▸ **WHAT THE EXERCISE ASKS**: Once the line with "-Celin e新品立体浮标针扣女士腰带 意大利进口小牛皮 搭铜扣 宽度2.5" is found in the data, output it and each following line exactly, up to and including the line with "Styling mistake: Oversized", and nothing before or after.

::::::::::

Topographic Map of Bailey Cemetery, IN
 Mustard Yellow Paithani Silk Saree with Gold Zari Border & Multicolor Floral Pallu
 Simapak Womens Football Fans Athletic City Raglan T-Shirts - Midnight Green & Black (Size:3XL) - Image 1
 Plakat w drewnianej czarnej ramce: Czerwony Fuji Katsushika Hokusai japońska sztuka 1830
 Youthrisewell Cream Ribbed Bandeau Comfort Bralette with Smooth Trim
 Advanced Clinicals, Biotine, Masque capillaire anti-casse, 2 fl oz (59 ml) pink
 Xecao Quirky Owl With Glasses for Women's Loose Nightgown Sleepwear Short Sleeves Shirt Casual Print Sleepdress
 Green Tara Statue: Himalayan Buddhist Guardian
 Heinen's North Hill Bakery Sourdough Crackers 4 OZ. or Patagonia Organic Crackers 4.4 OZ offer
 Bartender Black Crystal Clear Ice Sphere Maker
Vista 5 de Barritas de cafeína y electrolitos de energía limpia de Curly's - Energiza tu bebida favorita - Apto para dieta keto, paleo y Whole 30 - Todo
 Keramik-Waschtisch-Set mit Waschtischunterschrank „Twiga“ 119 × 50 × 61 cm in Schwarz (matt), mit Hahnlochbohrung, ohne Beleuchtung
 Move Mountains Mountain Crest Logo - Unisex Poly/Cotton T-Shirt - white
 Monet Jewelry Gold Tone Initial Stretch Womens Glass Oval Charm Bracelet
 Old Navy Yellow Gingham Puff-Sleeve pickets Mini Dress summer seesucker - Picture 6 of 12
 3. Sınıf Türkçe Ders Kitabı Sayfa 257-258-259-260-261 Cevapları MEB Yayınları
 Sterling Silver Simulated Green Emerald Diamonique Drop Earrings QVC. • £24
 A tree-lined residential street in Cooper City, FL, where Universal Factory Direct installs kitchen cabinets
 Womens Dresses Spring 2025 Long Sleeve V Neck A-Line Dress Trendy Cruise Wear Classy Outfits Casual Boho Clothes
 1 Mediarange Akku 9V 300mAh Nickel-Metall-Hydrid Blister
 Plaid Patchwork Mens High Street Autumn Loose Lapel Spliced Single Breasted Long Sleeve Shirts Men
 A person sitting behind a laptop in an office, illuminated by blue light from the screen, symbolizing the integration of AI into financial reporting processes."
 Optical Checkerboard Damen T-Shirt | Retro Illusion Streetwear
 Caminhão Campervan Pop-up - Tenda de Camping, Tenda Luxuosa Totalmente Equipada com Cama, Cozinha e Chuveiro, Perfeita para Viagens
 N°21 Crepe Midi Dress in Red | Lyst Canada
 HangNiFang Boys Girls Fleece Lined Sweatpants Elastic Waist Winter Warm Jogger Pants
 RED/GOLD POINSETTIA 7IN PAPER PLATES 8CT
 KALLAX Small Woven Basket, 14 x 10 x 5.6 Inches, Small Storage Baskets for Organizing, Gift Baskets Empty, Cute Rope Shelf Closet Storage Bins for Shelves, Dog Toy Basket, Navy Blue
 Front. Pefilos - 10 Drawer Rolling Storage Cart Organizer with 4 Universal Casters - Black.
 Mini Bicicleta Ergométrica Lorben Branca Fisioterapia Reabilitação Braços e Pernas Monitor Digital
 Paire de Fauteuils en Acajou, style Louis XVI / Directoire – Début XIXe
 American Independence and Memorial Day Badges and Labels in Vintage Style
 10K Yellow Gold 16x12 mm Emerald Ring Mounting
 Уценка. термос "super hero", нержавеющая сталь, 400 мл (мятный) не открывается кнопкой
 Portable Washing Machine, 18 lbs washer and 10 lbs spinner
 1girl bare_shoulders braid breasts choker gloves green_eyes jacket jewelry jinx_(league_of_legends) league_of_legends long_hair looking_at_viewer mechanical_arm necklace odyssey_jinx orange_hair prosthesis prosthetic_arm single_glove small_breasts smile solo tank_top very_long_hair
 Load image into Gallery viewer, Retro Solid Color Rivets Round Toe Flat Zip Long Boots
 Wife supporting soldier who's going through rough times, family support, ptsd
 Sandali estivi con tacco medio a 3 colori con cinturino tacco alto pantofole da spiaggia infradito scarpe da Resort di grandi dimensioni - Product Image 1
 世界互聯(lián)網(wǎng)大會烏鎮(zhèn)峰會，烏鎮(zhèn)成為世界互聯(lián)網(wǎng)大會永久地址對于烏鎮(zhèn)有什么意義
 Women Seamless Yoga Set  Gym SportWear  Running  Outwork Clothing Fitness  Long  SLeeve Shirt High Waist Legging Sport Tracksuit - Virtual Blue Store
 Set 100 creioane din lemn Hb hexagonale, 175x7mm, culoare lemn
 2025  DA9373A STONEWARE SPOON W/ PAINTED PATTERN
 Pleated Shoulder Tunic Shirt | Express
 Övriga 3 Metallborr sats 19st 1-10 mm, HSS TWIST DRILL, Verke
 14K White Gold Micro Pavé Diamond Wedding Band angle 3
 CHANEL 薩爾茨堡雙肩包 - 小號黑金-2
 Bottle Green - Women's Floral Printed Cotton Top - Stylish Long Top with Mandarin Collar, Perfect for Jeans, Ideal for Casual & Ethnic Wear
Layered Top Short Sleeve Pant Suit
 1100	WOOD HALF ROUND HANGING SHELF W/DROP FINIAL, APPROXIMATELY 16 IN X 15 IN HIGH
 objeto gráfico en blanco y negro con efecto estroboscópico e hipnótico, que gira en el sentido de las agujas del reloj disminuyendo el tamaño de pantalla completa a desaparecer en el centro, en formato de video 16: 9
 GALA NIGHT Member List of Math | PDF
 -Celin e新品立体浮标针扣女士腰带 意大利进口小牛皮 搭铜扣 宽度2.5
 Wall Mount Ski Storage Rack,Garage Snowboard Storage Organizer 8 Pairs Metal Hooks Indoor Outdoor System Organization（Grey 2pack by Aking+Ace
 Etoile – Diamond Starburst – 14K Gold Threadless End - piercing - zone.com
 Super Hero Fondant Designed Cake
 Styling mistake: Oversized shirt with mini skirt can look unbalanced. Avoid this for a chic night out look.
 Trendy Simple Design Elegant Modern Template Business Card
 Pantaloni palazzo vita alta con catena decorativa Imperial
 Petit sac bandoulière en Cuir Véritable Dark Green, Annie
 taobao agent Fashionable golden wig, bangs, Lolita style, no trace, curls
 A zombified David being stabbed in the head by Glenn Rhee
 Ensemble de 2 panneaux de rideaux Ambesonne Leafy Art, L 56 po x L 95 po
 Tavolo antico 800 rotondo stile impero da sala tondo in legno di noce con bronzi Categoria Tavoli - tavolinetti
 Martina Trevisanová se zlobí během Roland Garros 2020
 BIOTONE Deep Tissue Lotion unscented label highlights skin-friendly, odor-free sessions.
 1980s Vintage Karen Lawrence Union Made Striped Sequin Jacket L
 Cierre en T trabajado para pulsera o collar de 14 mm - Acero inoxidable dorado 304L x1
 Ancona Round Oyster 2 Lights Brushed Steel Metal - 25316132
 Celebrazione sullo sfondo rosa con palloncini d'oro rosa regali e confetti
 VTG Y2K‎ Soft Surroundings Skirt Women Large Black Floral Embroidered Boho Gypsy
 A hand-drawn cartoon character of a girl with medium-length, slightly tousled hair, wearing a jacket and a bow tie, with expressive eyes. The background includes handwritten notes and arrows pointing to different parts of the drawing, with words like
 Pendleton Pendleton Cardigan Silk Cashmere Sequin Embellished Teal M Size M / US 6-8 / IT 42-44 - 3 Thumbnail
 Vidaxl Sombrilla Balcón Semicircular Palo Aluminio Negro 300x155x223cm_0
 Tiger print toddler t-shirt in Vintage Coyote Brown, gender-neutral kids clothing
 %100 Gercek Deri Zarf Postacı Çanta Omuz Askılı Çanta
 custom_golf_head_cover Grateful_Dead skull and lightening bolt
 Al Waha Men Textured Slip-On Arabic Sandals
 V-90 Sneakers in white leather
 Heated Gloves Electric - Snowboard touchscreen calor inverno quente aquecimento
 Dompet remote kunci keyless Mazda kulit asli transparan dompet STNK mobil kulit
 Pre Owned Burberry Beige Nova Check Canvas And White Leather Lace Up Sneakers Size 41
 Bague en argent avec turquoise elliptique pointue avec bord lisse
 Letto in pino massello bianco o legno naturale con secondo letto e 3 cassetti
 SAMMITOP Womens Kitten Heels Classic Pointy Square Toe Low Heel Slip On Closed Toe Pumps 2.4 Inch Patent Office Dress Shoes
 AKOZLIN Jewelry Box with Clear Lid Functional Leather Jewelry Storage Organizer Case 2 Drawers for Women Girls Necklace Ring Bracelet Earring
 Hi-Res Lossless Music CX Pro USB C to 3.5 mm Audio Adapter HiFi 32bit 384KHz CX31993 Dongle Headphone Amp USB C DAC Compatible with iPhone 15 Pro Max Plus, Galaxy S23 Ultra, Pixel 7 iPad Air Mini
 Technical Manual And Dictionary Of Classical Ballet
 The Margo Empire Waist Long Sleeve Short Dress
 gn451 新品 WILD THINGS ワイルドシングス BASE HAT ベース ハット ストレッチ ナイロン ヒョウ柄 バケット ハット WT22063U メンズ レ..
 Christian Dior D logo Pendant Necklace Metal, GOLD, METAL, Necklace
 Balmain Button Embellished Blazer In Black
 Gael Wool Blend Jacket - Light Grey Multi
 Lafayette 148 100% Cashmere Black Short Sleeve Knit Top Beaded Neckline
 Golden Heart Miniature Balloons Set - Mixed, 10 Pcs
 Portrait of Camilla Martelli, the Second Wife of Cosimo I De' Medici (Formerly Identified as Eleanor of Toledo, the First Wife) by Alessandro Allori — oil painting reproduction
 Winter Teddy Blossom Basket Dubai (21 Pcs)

::::::::::

▸ **YOUR RESPONSE**:
 -Celin e新品立体浮标针扣女士腰带 意大利进口小牛皮 搭铜扣 宽度2.5
 Wall Mount Ski Storage Rack,Garage Snowboard Storage Organizer 8 Pairs Metal Hooks Indoor Outdoor System Organization（Grey 2pack by Aking+Ace
 Etoile – Diamond Starburst – 14K Gold Threadless End - piercing - zone.com
 Super Hero Fondant Designed Cake
 Styling mistake: Oversized shirt with mini skirt can look unbalanced. Avoid this for a chic night out look.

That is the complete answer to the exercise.